The dream begins for each of us with the suddenness of an odor, abrupt, invisible, and distinct.
We get six and a half billion baffled looks on our faces, each of us, wherever in the world we are, and we search the air around us for the source of this sudden and obvious Change. We click on lights, and turn off radios, and the more we search, the more obvious the change becomes, and yet we can’t name it.
We sit up in our beds or pull over our cars. We emerge from our igloos and our wigwams and our condos and our bars. We put down our spears and our guns, our tacos and remote controls. We stop eating and screwing and we blink around at the world like cartoon characters made real.
The odor fluctuates, impossible to nail down. It’s old cheese and then it’s fish and then it’s popcorn, and then it’s old-fashioned baby shit. And each instantaneous odor fires off synaptic chain reactions in our brains, linking us to our pasts, as the universe itself speaks to us, and our memories are its words.
We reach out to the nearest person – husbands or daughters or Chinese lawyers or salmon fishermen. Strangers on the street join hands and exchange heavy glances, while by and large, those who are alone simply run, screaming into the streets.
For the Change is rising from an odor to a hum now, and the memories and perceptions flickering through our brains spell out a message that cannot easily be brought to words.
Yes, but the message is clear, just the same: We are watching an Undoing.
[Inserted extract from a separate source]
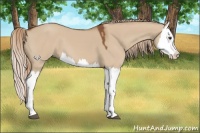 Horse Color:Red Dun Splash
We are watching the universe, unraveling like a sweater before our eyes.
The molecules around us roll open, revealing themselves as trillions and trillions of tiny, staring eyes. Awareness becomes a force of nature. Our memories and perceptions plow each of us down like massive runaway snowballs, and we freeze, arms and legs splayed out, on the surfaces of our tumbling, material lives.
The earth and sky split into fragments and shards, while houses rise into the breeze, creaking on their foundations. Chunks of sidewalk pop loose and sizzle through the air, people surfing on them expertly, young or old, howling or silent. Water mains burst and machinery disassembles itself, bolts popping loose like festive corks, glass shattering into crystal screams, shimmering like angels in the spaces between the ribbons of our shredded world.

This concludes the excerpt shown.